→ WORK TO COMPLETE
From the entries below, write out exactly the lines between the line holding "Trumpet/Mermaid Halter Sweep" and the line holding "Pouf de rangement", inclusive, excluding any pictures.

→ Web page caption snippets

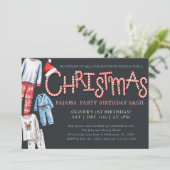 クリスマスパジャマ誕生日パーティーの招待状 招待状 (スタンド正面)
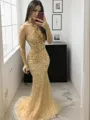 Trumpet/Mermaid Halter Sweep Train Tulle Prom Dress With Beading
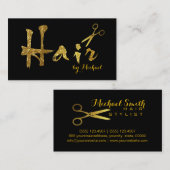 Haar Stylist Gold Scissors Script Salon #7 Visitekaartje (Voorkant / Achterkant)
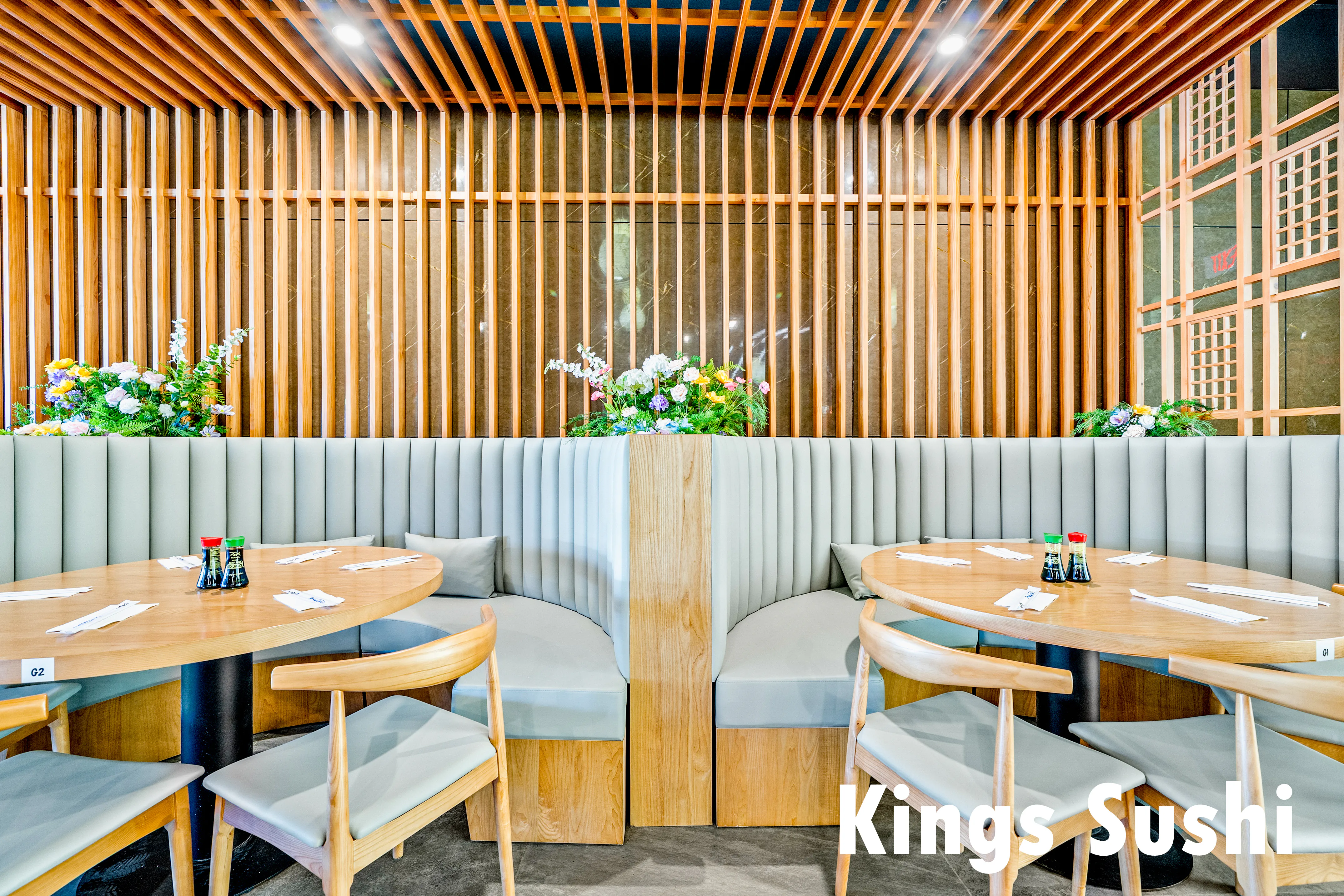 Round-table booth seating at Kings Sushi, a Japanese Restaurant in Buford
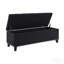 Pouf de rangement de 120 cm, banc de rangement avec charnières de sécurité, pouf capitonné en lin pour salon, entrée, couloir, repose-pieds, supporte jusqu'à 227 kg - Noir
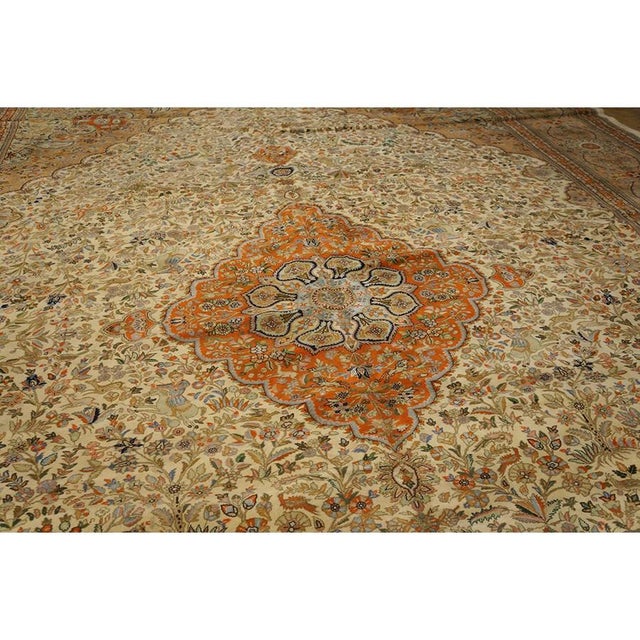 1940s Ivory Diamond Swastika Antique Tabriz Silk Handknotted Room Size Rug For Sale - Image 4 of 5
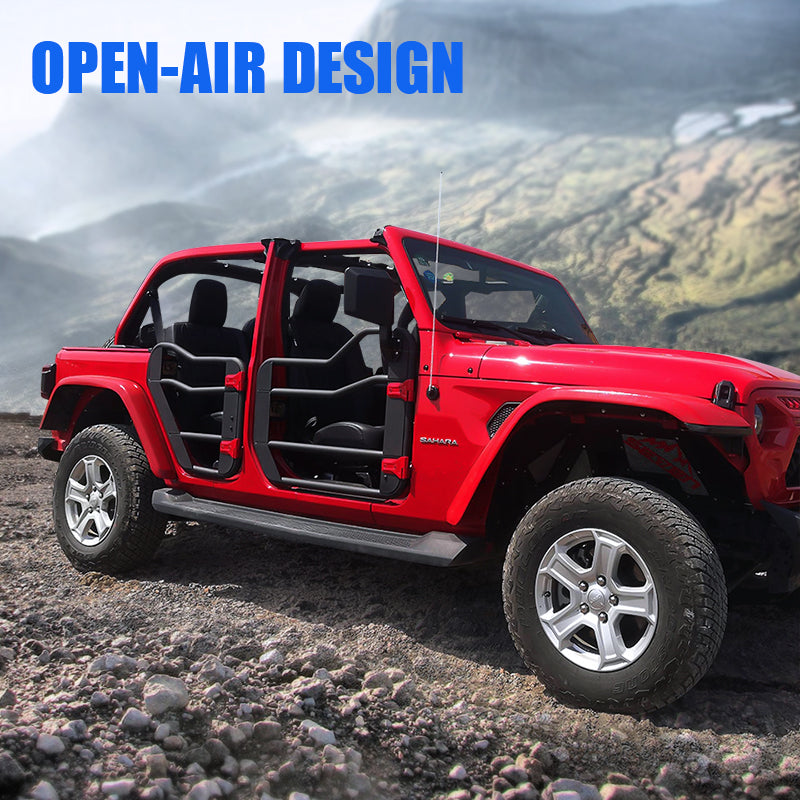 Crossbar Style Tube Doors with Side View Mirror for 2018+ Wrangler JL 4 Door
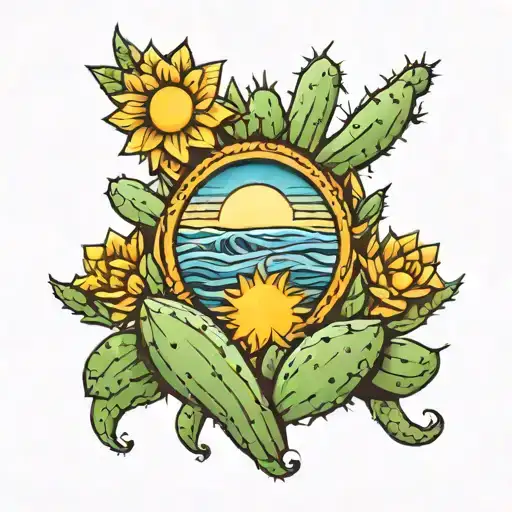 wave and sun inside a cactus   tattoo design idea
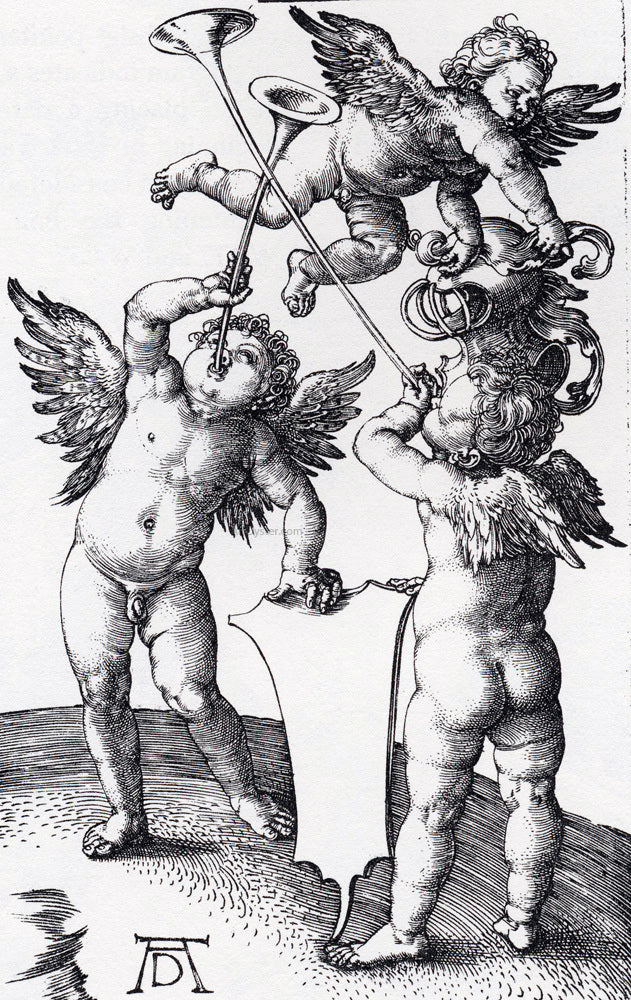 Albrecht Durer Three Putti With Shield And Helmet - Canvas Print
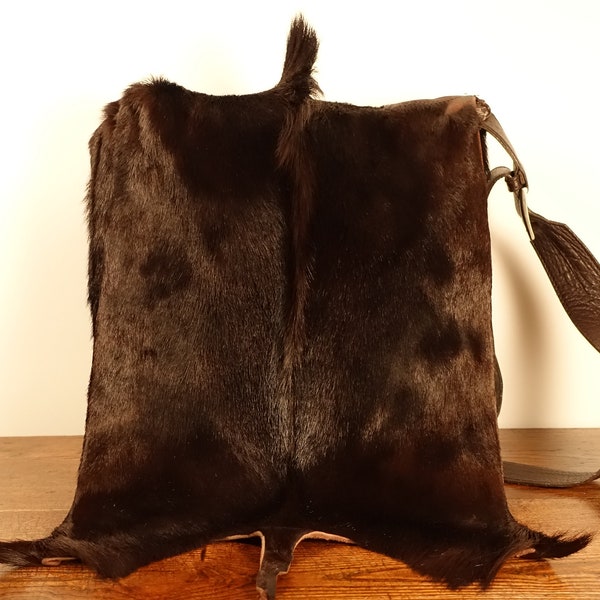 90s Vintage Messenger Bag Real Fur Crossbody Bag Brown Leather Crossbody Everyday Bag Boho Bag, Hippie Bag Festival Bag for men or Women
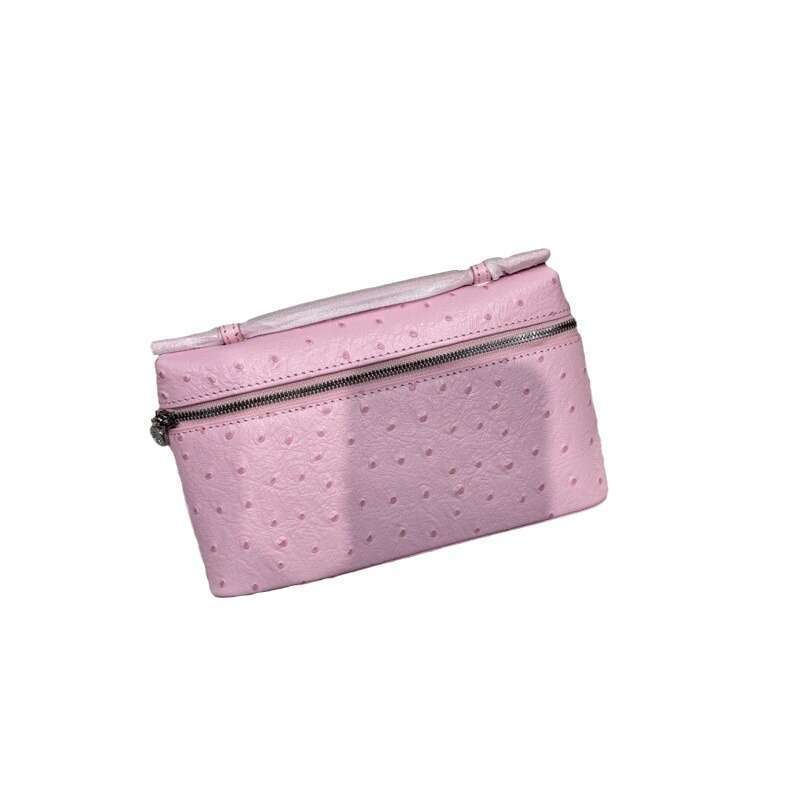 Straußenkorn Lunchbox Modische Einzelschulter Diagonalkreuz Damen Hochwertiges Leder Make-up_voghion.com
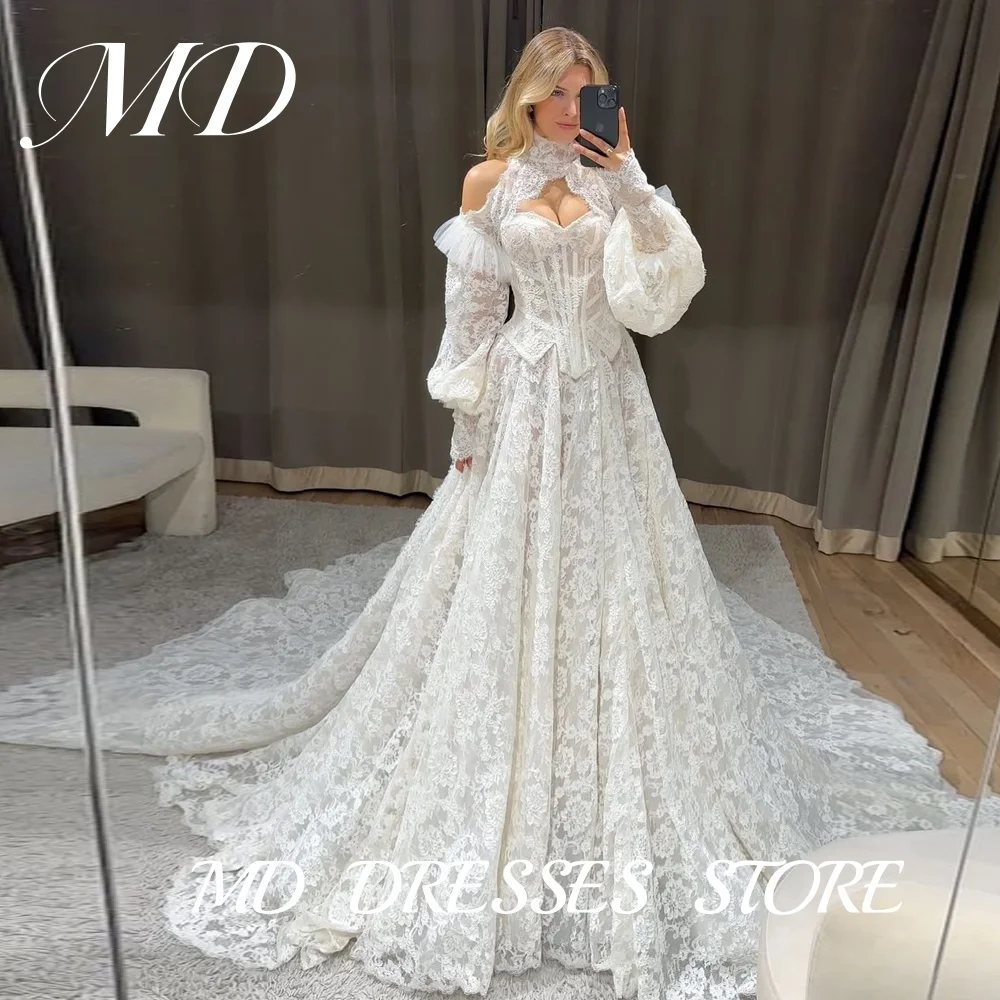 

MD Elegant A-line Lvory Wedding Dress Halter Illusion Puff Sleeves Bridal Gown Sweep Train Vestido De Noiva Customized 2025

→ RESULT BELOW
 Trumpet/Mermaid Halter Sweep Train Tulle Prom Dress With Beading
 Haar Stylist Gold Scissors Script Salon #7 Visitekaartje (Voorkant / Achterkant)
 Round-table booth seating at Kings Sushi, a Japanese Restaurant in Buford
 Pouf de rangement de 120 cm, banc de rangement avec charnières de sécurité, pouf capitonné en lin pour salon, entrée, couloir, repose-pieds, supporte jusqu'à 227 kg - Noir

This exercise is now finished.